In some of such variants, such a cavity may be acoustically coupled to the environment
external to the casing 110 through one or more leaks, such as the leaks between the
circuit cavity 160 and the environment external to the casing that are enabled by
the "leaky" closure of the circuit cavity 160 provided by the cover 140. In others
of such alternate variants, such a cavity may be sufficiently sealed such that there
is no transfer of air pressure between such a cavity and the environment external
to the casing 110 (either directly or through another cavity), and acoustic coupling
of such a cavity to the environment external to the casing is accomplished through
the transmission of vibrations through portions of the casing 110 that convey environmental
noise sounds (such as those emanating from the acoustic noise source 9900) through
the materials making up the casing 110 and into that cavity. Where such an indirect
transmission of environmental noise sounds through portions of the casing 110 are
relied upon, various techniques may be employed in equalization, filtering and/or
other modifications of the electrical signal output by the feedforward microphone
170 to derive an electrical representation of the environmental noise sounds that
is more akin to an electrical representation that would be provided by providing the
feedforward microphone 170 with more direct acoustic access to the environment external
to the casing 110.
[0062] Further, it should be noted that although the ANR device 1000 has been discussed
and depicted as having one or more of the earpieces 100 that have the form of an earcup
meant of either an "on-ear" ("supra-aural") or an "around-ear" ("circum-aural") physical
configuration, in alternate variants, the one or more of the earpieces 100 may be
of an "in-ear" (also commonly called "intra-aural) physical configuration in which
the ear coupling 120 (if not also a portion of the casing 110) is meant to be worn
at least partly inserted into a portion of an ear, such as in the concha and/or the
ear canal of an ear. An example form of the AN R device 1000 having an earpiece having
such a physical configuration may be that of wireless headset (also commonly called
an "earset").
[0063] Other implementations are within the scope of the following claims.

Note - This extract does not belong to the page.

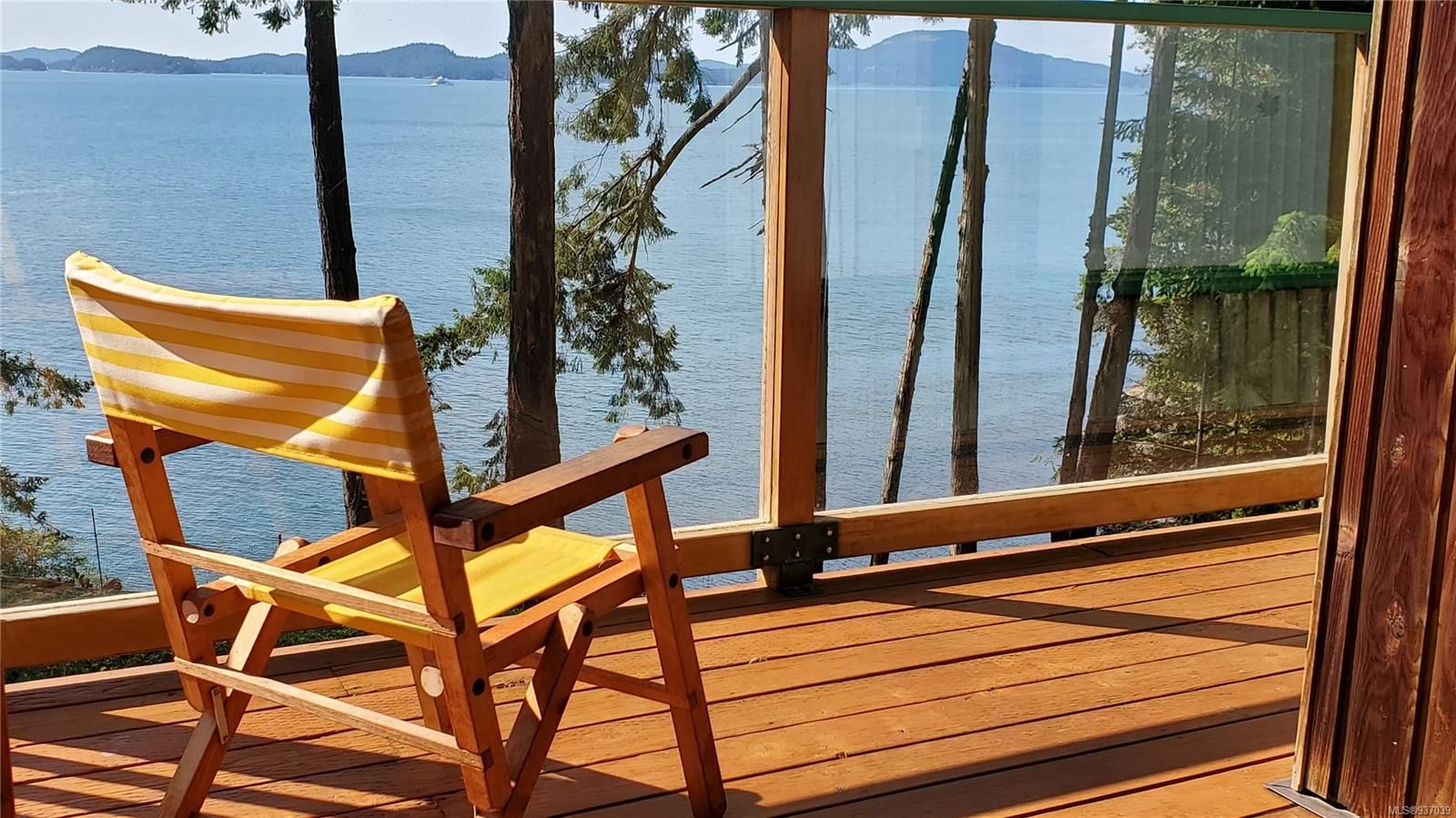 Main Photo: 1602 Storm Cres in Pender Island: GI Pender Island House for sale (Gulf Islands)  : MLS®# 937039
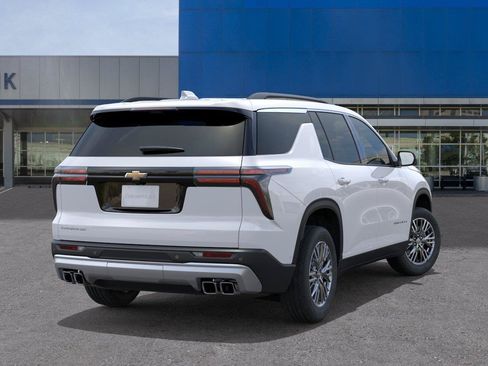 New 2026 Chevrolet Traverse LT w/ Driver Confidence Package FWD image 4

1. An earpiece (100) of an ANR device (1000) comprising:
a casing (110) defining a front cavity (180) having an opening;
an ear coupling (120) disposed about the opening and having a passage (125) formed
through the ear coupling, the ear coupling being structured to engage a portion of
the head of a user of the ANR device to acoustically couple the front cavity through
the opening and the passage to an ear canal of an ear of the user, and the ear coupling
being structured to engage the portion of the head of the user to form at least a
partial seal between the ear coupling and the portion of the head of the user to provide
passive noise reduction that limits entry of noise sounds emanating from an environment
external to the casing into at least the ear canal;
an acoustic driver (290) disposed within the casing to acoustically output sounds
into the front cavity to be conveyed through the opening and the passage to the ear
canal;
a feedback microphone (280) disposed within the front cavity to detect noise sounds
present within at least the front cavity to enable the provision of feedback-based
ANR;
a feedforward microphone (270) carried by the casing and acoustically coupled to the
environment external to the casing to enable the provision of feedforward-based ANR;
a leak aperture (185) formed in the casing to couple the front cavity to the environment
external to the casing to reduce variability in the passive noise reduction arising
from variability in the at least a partial seal between the ear coupling and the portion
of the head; wherein:
the casing further defines another cavity (160) having a cavity opening (165) coupling
the another cavity to the environment external to the casing;
the earpiece further comprises a cavity cover (140) structured to close the cavity
with a leaky closure by which the another cavity remains at least acoustically coupled
to the environment external to the casing; and
the leak aperture couples the front cavity to the environment external to the casing
indirectly through the another cavity and through the leaky closure of the cavity
cover closing the cavity opening.
2. The earpiece of claim 1, wherein the casing (110) further defines a rear cavity (190)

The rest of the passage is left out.